Cuentos

Nacimiento

Vicente Battista


Los antropólogos de la Universidad de Duke, en los Estados Unidos, estiman que el hombre de Neanderthal, que habitó la tierra hace más de cuatrocientos mil años, poseía el don de la palabra. Esta novedad podría contestar una pregunta que hasta hoy no tenía respuesta.

Para encontrar esa respuesta habrá que retroceder hasta una tribu de Neanderthal, una noche en especial. Los hombres y mujeres están alrededor del fuego, buscan calor y celebran el fin de otra jornada. A la mañana de ese mismo día, los hombres habían partido de caza en busca de alimentos. Las mujeres, en tanto, cuidaban a sus críos. Ahora que el sol ya se fue, es tiempo de descanso y de contar las experiencias del día. Cada hombre dice cómo atrapó a la presa que perseguía. No sabe mentir.

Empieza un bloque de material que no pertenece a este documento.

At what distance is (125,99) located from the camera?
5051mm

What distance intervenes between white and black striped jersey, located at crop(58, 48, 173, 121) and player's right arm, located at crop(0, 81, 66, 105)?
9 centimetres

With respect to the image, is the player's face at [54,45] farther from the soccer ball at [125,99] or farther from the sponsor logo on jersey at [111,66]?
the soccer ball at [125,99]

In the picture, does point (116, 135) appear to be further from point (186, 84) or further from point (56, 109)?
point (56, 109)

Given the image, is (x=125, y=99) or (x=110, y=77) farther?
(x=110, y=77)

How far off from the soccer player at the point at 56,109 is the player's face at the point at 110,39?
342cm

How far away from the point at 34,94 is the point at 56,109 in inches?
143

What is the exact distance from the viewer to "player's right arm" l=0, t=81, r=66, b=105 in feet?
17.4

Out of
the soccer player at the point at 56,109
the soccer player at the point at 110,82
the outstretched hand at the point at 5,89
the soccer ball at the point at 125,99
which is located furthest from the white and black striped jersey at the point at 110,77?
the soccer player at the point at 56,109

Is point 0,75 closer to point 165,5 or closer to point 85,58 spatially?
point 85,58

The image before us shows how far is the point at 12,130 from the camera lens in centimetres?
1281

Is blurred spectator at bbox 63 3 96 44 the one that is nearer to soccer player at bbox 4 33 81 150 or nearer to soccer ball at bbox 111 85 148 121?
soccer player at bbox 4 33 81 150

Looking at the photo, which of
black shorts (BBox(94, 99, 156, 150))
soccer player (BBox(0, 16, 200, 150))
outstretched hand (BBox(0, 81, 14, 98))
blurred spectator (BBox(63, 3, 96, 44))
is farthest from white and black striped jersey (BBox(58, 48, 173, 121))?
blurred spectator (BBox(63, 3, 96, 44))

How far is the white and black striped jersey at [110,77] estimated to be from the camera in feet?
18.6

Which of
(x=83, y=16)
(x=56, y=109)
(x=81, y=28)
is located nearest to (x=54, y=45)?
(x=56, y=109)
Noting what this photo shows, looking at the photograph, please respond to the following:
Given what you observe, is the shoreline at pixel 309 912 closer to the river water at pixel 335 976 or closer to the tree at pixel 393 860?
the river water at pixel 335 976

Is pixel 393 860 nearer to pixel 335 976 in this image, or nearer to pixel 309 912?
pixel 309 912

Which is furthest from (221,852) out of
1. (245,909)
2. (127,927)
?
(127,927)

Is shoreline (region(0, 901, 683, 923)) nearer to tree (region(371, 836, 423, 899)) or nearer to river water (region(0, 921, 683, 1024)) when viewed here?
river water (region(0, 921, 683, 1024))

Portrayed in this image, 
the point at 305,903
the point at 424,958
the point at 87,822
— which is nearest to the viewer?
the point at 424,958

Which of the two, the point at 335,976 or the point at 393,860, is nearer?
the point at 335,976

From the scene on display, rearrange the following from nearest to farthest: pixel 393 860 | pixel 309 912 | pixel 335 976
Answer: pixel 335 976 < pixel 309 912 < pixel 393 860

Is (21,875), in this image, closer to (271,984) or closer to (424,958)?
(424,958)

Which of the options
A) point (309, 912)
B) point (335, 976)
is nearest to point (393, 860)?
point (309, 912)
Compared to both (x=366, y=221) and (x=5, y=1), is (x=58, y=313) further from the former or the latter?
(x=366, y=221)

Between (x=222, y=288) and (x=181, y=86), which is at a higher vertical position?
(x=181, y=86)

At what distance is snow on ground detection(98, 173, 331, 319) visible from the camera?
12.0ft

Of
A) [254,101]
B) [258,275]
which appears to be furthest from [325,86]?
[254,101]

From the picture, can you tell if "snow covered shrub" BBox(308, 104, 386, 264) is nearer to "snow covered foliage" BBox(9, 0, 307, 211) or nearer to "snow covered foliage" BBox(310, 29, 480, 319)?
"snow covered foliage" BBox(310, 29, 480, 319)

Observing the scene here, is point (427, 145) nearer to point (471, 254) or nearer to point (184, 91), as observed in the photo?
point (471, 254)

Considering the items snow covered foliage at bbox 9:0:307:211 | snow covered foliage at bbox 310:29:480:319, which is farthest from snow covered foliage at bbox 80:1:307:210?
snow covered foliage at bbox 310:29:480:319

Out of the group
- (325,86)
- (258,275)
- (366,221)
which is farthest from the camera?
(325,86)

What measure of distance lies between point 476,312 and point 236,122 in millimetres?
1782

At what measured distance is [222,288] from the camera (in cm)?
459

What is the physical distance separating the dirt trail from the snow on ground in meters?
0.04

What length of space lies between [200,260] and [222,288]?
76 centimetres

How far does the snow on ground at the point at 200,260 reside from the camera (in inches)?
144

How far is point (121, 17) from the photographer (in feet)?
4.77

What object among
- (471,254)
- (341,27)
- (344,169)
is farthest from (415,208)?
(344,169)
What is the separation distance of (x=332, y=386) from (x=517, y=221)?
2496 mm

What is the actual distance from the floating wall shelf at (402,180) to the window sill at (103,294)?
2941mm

Pero para uno de estos hombres la caza había sido un fracaso. Cuando llega su turno, no tiene proezas para contar. Entonces decide inventarlas. Miente una cacería imposible. Lo hace con tal perfección que transforma esa mentira en una historia bella y apasionante. Todos piden que la repita. Aquella noche, sin saberlo, ese anónimo hombre de Neanderthal acababa de inventar la literatura.

Abel y Caín

Jorge Luis Borges


Abel y Caín se encontraron después de la muerte de Abel. Caminaban por el desierto y se reconocieron desde lejos, porque los dos eran muy altos. Los hermanos se sentaron en la tierra, hicieron un fuego y comieron. Guardaban silencio, a la manera de la gente cansada cuando declina el día. En el cielo asomaba alguna estrella, que aún no había recibido su nombre. A la luz de las llamas, Caín advirtió en la frente de Abel la marca de la piedra y dejó caer el pan que estaba por llevarse a la boca y pidió que le fuera perdonado su crimen.

Abel contestó:

—¿Tú me has matado o yo te he matado? Ya no recuerdo; aquí estamos juntos como antes.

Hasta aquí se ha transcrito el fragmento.